En admettant mardi que des prêtres se sont servis de religieuses comme « esclaves sexuelles » – et que certains continuent à le faire – le pape François a ouvert un nouveau et sombre chapitre dans le scandale des abus sexuels qui ébranlent l’Église catholique.
« C’est la première fois que le pape, mais aussi l’Église en tant qu’institution, admet que ces abus ont lieu, et c’est extrêmement important », assure Lucetta Scaraffia, rédactrice en chef de Women Church World, le supplément féminin du journal du Vatican, l’Osservatore Romano.
Interrogé dans l’avion qui le ramenait mardi des Émirats arabes unis, le pape François a reconnu que « des prêtres et des évêques » avaient commis des agressions sexuelles sur des religieuses. Ce phénomène peut se rencontrer « partout », mais il est plus présent dans « quelques congrégations nouvelles et dans quelques régions », a-t-il précisé, ajoutant : « Cela fait longtemps que nous travaillons sur ce dossier ».
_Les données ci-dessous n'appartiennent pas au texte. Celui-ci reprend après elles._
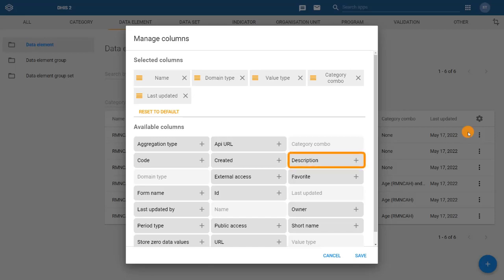To add the description column, find it in the list of available columns and click on it to add it to the selected columns.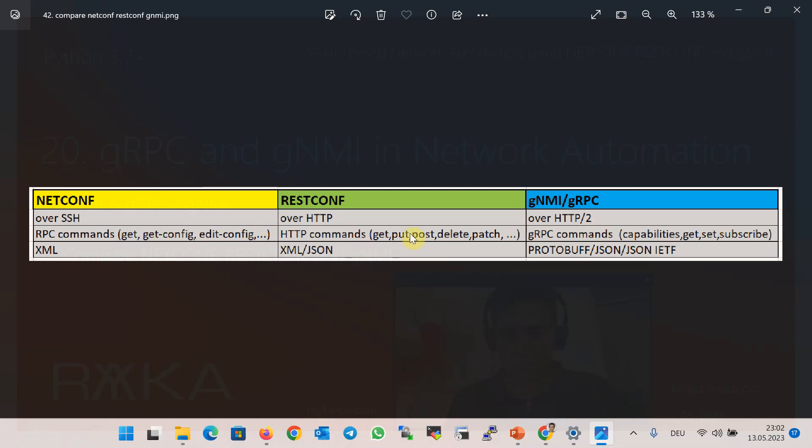In gNMI we use Google RPC commands: capabilities to get supported YANG data structures and capabilities, get to get the configuration, and set command to change the configuration. Finally, a new command compared to NETCONF and RESTCONF is subscribe, in which any application can subscribe itself to any data in supported YANG data structure in gNMI protocol.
Il a rendu hommage à son prédécesseur Benoît XVI, qui a eu « le courage de dissoudre une congrégation féminine » où « s’était installé cet esclavage des femmes, esclavage allant jusqu’à l’esclavage sexuel des femmes par des clercs et par le fondateur ». Jorge Bergoglio évoquait la congrégation française des Soeurs contemplatives de Saint-Jean, dont les supérieures ont été écartées après une enquête du Vatican sur des dérives sectaires et sexuelles.
Par « exclavage sexuel », il entendait une « manipulation, une forme d’abus de pouvoir qui se reflète aussi dans des abus sexuels », a précisé le Saint-Siège. Le scandale des prêtres violant ou abusant des religieuses s’inscrit dans celui plus large des abus de pouvoir qui ont permis à des membres du clergé pédophiles de nuire en toute impunité pendant des décennies dans nombre de pays.
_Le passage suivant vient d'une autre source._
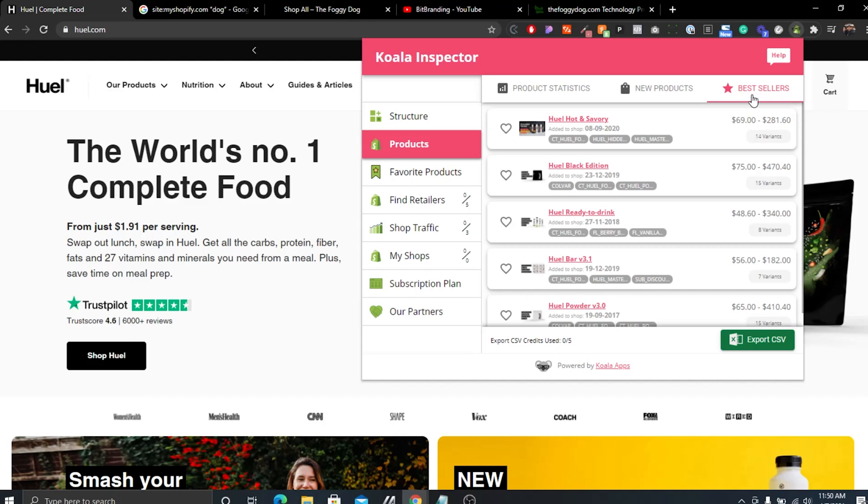I've noticed the best sellers shown here aren't entirely accurate compared to the URL method we used before, but you can still use it to get a general idea. It also shows find retailers, traffic, and other info — mostly on the paid version. But even with the free version you can still get a lot of information: the theme, the apps they're using, and product data. Super helpful if you just want a quick glimpse of what a store is using.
Un procès qui se conclut par un simple avertissement
Dans le sillage des révélations sur les vastes abus contre les enfants et du mouvement #MeToo, des religieuses ont commencé ces dernières années à élever la voix à leur tour. Au point de voir Women Church World consacrer son dernier numéro aux religieuses violées, forcées à avorter ou à élever seules, chassées de leur communauté, des enfants jamais reconnus par leur prêtre de père. Et la semaine dernière, un haut responsable d’un ministère du Vatican, accusé par une ancienne religieuse allemande d’avoir été trop pressant pendant une confession, avait finalement démissionné, quatre ans après un procès canonique qui lui avait valu un simple avertissement.
« Tant de plaintes ont été envoyées au Vatican et n’ont pas été suivies d’effet », regrette Lucetta Scaraffia. « J’espère vraiment qu’une commission va être mise en place pour enquêter et que des religieuses expertes sur ce sujet vont être appelées à y participer ». « Ils pourraient entamer rapidement des procès, et surtout en parler, parce que c’est le silence qui permet aux violeurs de continuer à violer », ajoute-t-elle.
Le pouvoir des prêtres sur la vie des religieuses
Si le problème est présent dans toute l’Eglise, il l’est tout particulièrement en Afrique, en Asie et en Amérique latine. Ainsi, des abus sur des religieuses ont été dénoncés du Chili à la République démocratique du Congo, en Italie, au Kenya, au Pérou ou encore en Ukraine. En Inde, une religieuse a récemment accusé un évêque de l’avoir violée à de nombreuses reprises.
Mais pour les victimes, « ce n’est pas facile de parler. Elles craignent que cela se retourne contre elles ou contre leur congrégation », explique Lucetta Scaraffia. Pour elle, l’essence du problème réside dans le pouvoir des prêtres sur la vie des religieuses, de leur entrée dans les ordres aux détails de leur quotidien et jusqu’à leur salaire. « Elles ne sont pas reconnues comme des égales ». Le fait que le pape reconnaisse le problème « représente un énième coup pour l’image de l’Église, mais aussi une occasion de montrer que le changement est réellement en cours », estime Lucetta Scaraffia. La clé ? « Retirer aux prêtres leur aura de pouvoir, qui leur permet de se comporter ainsi ». Et même s’il y a encore « une grande résistance », l’exemple de la levée progressive de l’omerta sur les cas d’agressions pédophiles montre que cela peut évoluer, a-t-elle conclu.